Y el porcentaje de enfermos mentales del litoral de Cádiz, especialmente en la zona del Estrecho, donde los vientos pegan todavía más fuerte que aquí, rompe por arriba todas las estadísticas nacionales con la única excepción de la Costa Brava, donde sopla la tramontana, que es más o menos lo mismo aunque no se llame igual. Por eso es preciso que se ponga en guardia contra el levante. Aunque usted no lo note, Alfonso sí lo notará, recuérdelo…

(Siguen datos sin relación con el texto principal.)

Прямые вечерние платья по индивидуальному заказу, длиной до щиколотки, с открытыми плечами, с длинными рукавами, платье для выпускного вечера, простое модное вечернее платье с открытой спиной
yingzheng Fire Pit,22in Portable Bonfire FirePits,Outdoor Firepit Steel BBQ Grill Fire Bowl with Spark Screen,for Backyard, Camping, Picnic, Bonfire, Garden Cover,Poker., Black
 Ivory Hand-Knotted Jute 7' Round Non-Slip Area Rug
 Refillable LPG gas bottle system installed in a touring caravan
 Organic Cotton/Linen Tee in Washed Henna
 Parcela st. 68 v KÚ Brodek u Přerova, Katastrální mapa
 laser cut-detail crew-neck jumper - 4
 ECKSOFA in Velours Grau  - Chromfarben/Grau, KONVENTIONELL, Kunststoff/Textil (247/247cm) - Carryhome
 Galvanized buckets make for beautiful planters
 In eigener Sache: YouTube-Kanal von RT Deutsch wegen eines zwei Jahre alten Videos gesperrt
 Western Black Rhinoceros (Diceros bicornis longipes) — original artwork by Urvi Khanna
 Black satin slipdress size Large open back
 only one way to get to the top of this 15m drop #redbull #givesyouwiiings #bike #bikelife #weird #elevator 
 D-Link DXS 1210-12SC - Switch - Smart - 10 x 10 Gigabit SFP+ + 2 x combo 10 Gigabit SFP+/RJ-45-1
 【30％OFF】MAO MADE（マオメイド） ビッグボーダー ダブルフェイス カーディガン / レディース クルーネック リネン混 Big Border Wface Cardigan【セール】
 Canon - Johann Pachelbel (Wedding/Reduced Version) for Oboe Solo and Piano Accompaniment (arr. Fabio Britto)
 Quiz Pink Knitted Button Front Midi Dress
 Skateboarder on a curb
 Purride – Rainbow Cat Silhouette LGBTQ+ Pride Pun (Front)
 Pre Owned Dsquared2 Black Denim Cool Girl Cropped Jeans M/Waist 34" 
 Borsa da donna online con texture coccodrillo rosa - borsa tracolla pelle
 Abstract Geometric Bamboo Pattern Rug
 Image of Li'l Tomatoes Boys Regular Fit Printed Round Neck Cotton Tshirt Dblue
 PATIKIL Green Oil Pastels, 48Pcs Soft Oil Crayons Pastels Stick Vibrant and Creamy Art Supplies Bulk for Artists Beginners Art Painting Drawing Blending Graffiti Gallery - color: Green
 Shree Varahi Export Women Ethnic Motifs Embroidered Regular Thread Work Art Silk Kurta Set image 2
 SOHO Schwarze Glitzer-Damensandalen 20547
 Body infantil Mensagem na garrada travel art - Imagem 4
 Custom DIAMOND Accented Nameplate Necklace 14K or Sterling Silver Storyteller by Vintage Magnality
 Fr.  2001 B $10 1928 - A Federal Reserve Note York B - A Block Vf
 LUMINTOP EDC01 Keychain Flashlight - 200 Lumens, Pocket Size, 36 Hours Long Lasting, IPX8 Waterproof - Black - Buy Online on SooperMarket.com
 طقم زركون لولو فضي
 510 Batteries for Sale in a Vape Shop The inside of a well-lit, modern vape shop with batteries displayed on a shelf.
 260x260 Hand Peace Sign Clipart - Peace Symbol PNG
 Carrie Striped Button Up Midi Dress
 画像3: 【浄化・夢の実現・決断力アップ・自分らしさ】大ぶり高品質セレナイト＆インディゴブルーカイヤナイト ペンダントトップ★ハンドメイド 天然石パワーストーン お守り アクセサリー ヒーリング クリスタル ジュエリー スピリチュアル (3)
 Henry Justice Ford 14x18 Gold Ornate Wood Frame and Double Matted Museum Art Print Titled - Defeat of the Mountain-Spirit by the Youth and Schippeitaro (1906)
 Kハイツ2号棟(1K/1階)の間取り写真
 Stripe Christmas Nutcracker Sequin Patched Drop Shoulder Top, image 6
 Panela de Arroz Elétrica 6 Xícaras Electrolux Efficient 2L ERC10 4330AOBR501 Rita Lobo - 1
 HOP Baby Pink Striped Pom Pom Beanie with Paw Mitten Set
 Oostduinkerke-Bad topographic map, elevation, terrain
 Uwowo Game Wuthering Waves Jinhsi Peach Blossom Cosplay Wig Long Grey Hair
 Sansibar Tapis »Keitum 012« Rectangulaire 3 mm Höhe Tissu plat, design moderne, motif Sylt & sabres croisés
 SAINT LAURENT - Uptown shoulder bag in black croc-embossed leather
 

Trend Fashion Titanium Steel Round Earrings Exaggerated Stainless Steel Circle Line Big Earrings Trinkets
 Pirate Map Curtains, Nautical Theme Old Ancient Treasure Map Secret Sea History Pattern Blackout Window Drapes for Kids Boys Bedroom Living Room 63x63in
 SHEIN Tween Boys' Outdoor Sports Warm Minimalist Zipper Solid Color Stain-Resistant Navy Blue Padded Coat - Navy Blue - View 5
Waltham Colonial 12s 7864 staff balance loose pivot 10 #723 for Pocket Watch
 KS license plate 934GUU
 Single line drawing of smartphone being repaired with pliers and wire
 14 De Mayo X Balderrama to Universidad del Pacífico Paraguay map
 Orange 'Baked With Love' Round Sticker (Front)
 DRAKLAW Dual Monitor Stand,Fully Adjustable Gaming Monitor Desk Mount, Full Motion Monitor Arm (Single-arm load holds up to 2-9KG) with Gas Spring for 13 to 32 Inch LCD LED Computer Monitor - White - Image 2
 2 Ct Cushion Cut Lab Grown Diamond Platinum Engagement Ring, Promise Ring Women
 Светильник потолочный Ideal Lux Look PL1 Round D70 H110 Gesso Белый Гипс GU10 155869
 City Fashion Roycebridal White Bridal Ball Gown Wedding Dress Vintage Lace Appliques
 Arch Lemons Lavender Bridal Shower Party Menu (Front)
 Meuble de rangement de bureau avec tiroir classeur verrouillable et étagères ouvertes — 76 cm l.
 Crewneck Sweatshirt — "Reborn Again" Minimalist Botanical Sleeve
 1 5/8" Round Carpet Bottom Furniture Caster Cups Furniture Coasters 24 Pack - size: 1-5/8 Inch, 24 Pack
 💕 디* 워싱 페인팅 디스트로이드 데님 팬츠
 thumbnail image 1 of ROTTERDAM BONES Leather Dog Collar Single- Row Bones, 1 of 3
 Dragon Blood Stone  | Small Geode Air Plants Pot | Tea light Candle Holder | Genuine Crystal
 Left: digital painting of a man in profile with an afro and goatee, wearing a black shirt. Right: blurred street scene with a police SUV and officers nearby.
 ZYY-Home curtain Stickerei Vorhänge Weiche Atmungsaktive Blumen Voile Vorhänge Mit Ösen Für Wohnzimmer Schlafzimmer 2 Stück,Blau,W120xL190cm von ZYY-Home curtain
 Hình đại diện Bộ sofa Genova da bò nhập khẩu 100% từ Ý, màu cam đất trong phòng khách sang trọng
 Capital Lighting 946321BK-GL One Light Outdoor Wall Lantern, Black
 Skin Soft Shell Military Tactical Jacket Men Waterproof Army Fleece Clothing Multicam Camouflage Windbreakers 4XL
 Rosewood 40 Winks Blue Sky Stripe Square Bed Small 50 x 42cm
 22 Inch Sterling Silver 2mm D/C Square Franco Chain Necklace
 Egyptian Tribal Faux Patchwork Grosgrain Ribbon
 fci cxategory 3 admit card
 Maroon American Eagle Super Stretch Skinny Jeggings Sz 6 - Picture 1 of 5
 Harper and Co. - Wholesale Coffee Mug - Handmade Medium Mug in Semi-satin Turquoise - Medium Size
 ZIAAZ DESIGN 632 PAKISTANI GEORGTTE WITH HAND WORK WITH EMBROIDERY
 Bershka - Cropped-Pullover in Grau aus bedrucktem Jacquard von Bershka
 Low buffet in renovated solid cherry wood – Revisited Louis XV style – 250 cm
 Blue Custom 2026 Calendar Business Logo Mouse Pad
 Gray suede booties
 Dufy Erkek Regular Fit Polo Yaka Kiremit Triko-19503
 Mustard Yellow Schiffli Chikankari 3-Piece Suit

Aquella advertencia salió con él a una mañana calurosa y soleada, y lo acompañó entre los apacibles campos sembrados que flanqueaban la carretera hasta la puerta del hospital, como un inquietante indicio de que hasta el más sereno de los paisajes puede esconder un infierno larvado. Después, mientras se incorporaba a un nuevo equipo, un nuevo edificio, un nuevo sistema de trabajo, el ánimo de Juan Olmedo mejoró sin embargo al mismo ritmoque impulsaba a la intuición de que llegaría a estar muy a gusto en Jerez. Miguel Barroso, que a partir de aquel momento iba a ser su jefe además de su amigo, se había ocupado de todo. Le
presentó a todo el mundo, le enseñó hasta el último rincón de las instalaciones, y le facilitó todos los documentos precisos para completar su traslado ya rellenos, para que sólo tuviera que firmarlos. Además, te he recogido el correo, le dijo al final, entregándole un sobre con el membrete de la clínica Puerta de Hierro y matasellos del 22 del agosto. Dentro había otro sobre más pequeño, alargado, de color crema, con su nombre y su antigua dirección escritas a mano con tinta púrpura, una letra picuda y elegante que Juan relacionó, sin necesidad de leer la carta que contenía, con la figura desconcertada y frágil de la señora Ruiz. El 24 de abril de 1999, sábado, el doctor Olmedo entró de guardia en el servicio de Traumatología de la clínica Puerta de Hierro de Madrid a las ocho de la tarde. Todavía no eran las nueve cuando ingresó la primera víctima de un accidente de tráfico, un chaval de diecinueve años que había decidido saltarse un semáforo en rojo para cruzar la plaza de España mientras un todoterreno bajaba por la Gran Vía a unos ochenta kilómetros por hora. El choque había sido lateral, pero bastó para que el motorista se rompiera un brazo, dos costillas y la clavícula. El de las once y media, en cambio, no llevaba casco y nadie pudo hacer nada por él, pero Juan Olmedo ni siquiera lo vio, porqueestaba ocupándose de una anciana recién operada de la cadera que se había caído en el cuarto de baño de su casa. A las dos de la mañana, un turismo se salió de la carretera en una de las cuestas de la Dehesa de la Villa y acabó empotrándose contra un árbol. El conductor, que estaba borracho, se había hecho un lío con los pies y había pisado el acelerador en vez del freno. Tanto él como su novia llegaron a Urgencias como si se hubieran bañado en su propia sangre, pero ninguno de los dos tenía lesiones mortales.
Al doctor Olmedo le tocó ocuparse de ella. A las cuatro y media de la mañana, cuando un camillero se la llevó a su habitación, preguntó si había alguien más esperando, se sentó en la sala y se fumó un cigarrillo, mirando con desconfianza la cama que tenía preparada. Odiaba tanto las guardias de los fines de semana que a veces pensaba hasta en cambiar de especialidad, abandonar aquella desoladora disciplina de cuerpos destrozados para instalarse en terrenos más gratificantes, pero llevaba demasiados años trabajando en un hospital como para fiarse de la apacible apariencia del trabajo de los otros. Además, no solía tener mucho tiempo libre para pensar en las guardias de los sábados, y aquella noche no fue una excepción. A las cinco menos veinte, le avisaron de que acababa de llegar una chica joven que había sido atropellada por un coche en la puerta de una discoteca. Aquello sonaba fatal, pero las heridas resultaron muy superficiales. A las seis, sin pensárselo más, se tumbó en la cama y se quedó dormido en el mismo instante en que apoyó la cabeza en la almohada. Quince minutos más tarde le despertó una enfermera.